Olumlu gözüken ilk şey, Van Bronckhorst döneminden hatırlanan dikine hücumlarda başarılı olunduğu... Ayağında topu fazla tutmadan, tek dokunuşlarla oyunu açan ve kanatlardan etkili gelen ilk yarıdaki Beşiktaş kısa sürede farkı buldu. Güney Dublin’in küçük bir kasabasının kadro değeri Beşiktaş’ınkinin 35’te biri olan bir takım, Süper Lig’in orta sıra takımının bile hedefi olmamalı. Beşiktaş’ın hiç olmamalı.
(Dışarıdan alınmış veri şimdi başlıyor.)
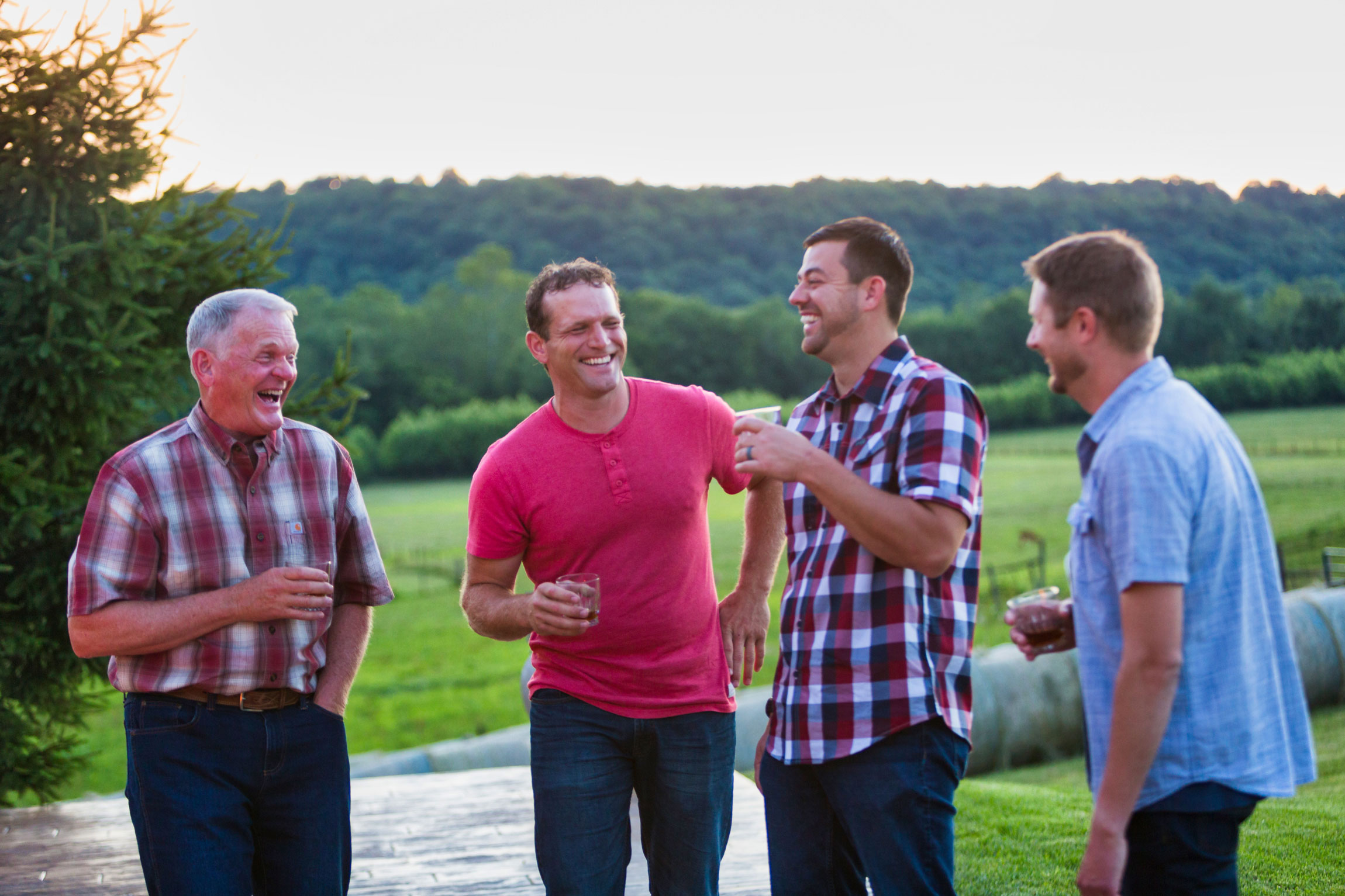 a group of men laughing and drinking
İkinci yarıya oyuncu tutma ana fikriyle başlayan Beşiktaş’ın topa hakim olamadığını ve rakibin bir anda canlandığını gördük. Paulista ve Emirhan’ın oyun kurma konusundaki yetersizliklerine Demir ve Orkun’un de alan kapayamama zaafı eklenince saçma bir gol yendi, bir ikincisini ise Mert önledi. 45 ile 65 dakikaları arasındaki görüntü bile Ndidi’nin işinin ne kadar güç olduğunu, en azından takıma ne denli bir tecrübe katması gerektiğini gösteriyor.
Eksi hanesindeki bir diğer madde de kondisyon durumu. İlk devrede tempolu ve güçlü bir Beşiktaş gözükürken ikinci 45’te yine Shakhtar önündeki gibi yorgun bir takım izledik. Oyuncuların gücü tek devreyi zor çıkarır cinsten. İlerleyen haftalarda göreceğiz bu durum kalıcı mı yoksa yoğun yüklemenin etkileri mi yaşanıyor...
Turun hemen hemen garantiye alınmasına rağmen Beşiktaş’ın bu sezonki üçüncü resmi maçında da genel anlamda görüntü ne harika ne de iyi; belki eh işte... Lig başlangıcının ertelenmesi bu açıdan olumlu.